While the move towards de-identification is welcome, Prof. Austin believes that the definition as drafted still relies too heavily on the idea of modifying personal information rather than including other methods that focus on access, like trusted computing environments or privacy-protective methods of analysis.
Finally, the proposed law may make it easier to establish data governance models like data trusts. However, much remains to be seen as the work involved will happen largely through regulations.
These four aspects are just a few highlights of the proposed law discussed by Prof. Austin. Undoubtedly, Bill C-11 has the potential to drastically alter privacy law in Canada and the balance of individual privacy rights against commercial interests.

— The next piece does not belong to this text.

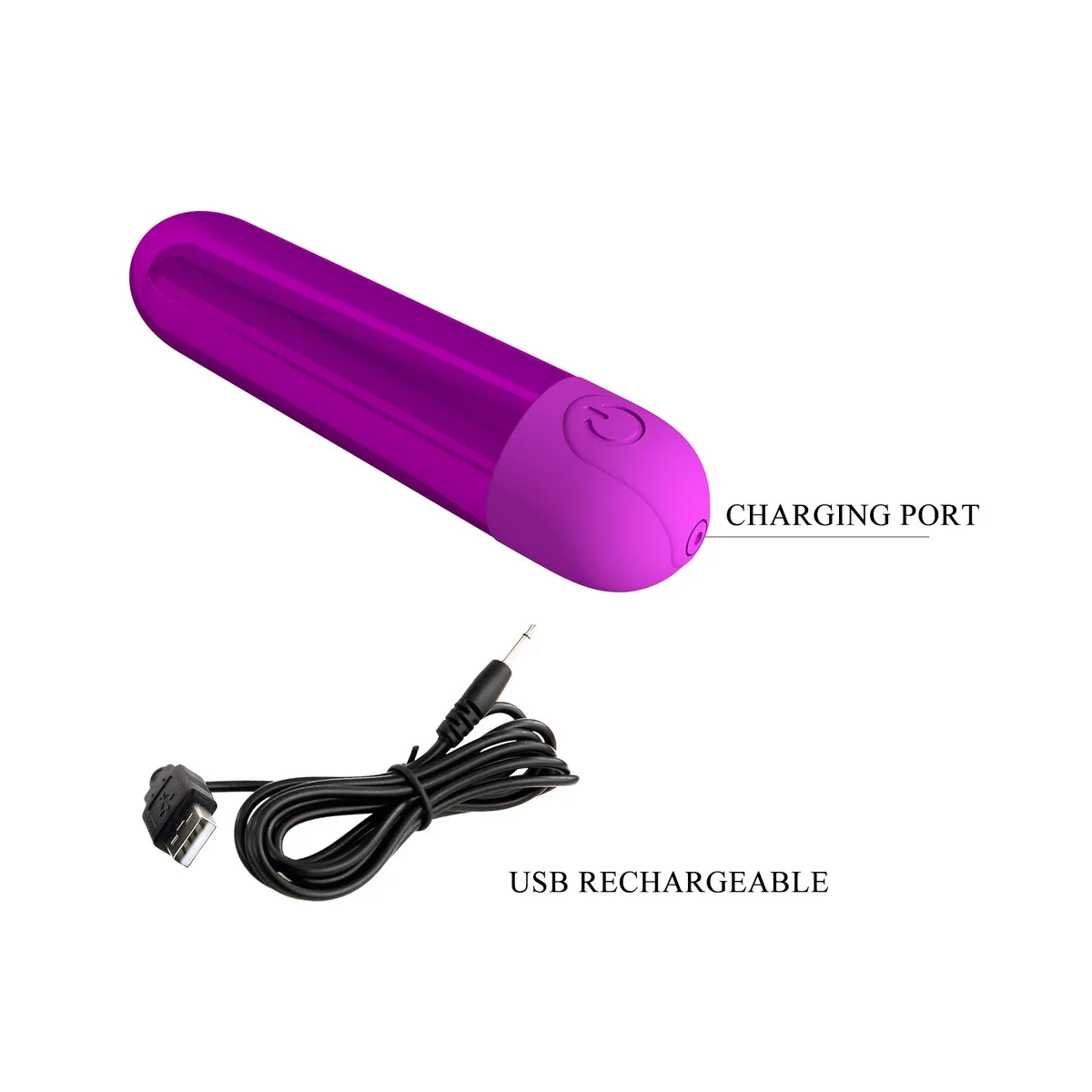 Mini Vibratore femminile bullet 8 cm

To stay updated on privacy and cybersecurity issues, Barnett and Gottesman recommend joining the PCLG’s Facebook group, where members share interesting articles and “geek out” over current events. They also suggest taking advantage of the many opportunities available at the Faculty, including courses like Data Governance, Governance of Artificial Intelligence, and the externship at the Citizen Lab. For those in the JD/MBA program, there may be opportunities to work with cyber or privacy startups through the Creative Destruction Lab. Joining the Canadian Bar Association’s Privacy and Access to Information Section is also a good way to receive the latest privacy news.
In the meantime, the PCLG intends to host more events in its Digital Discussion Series and has partnered with the Legal Hackers club to host a privacy and cybersecurity focused legal hackathon in 2021.
Editor’s Note: Natasha Burman is an executive member of the PCLG.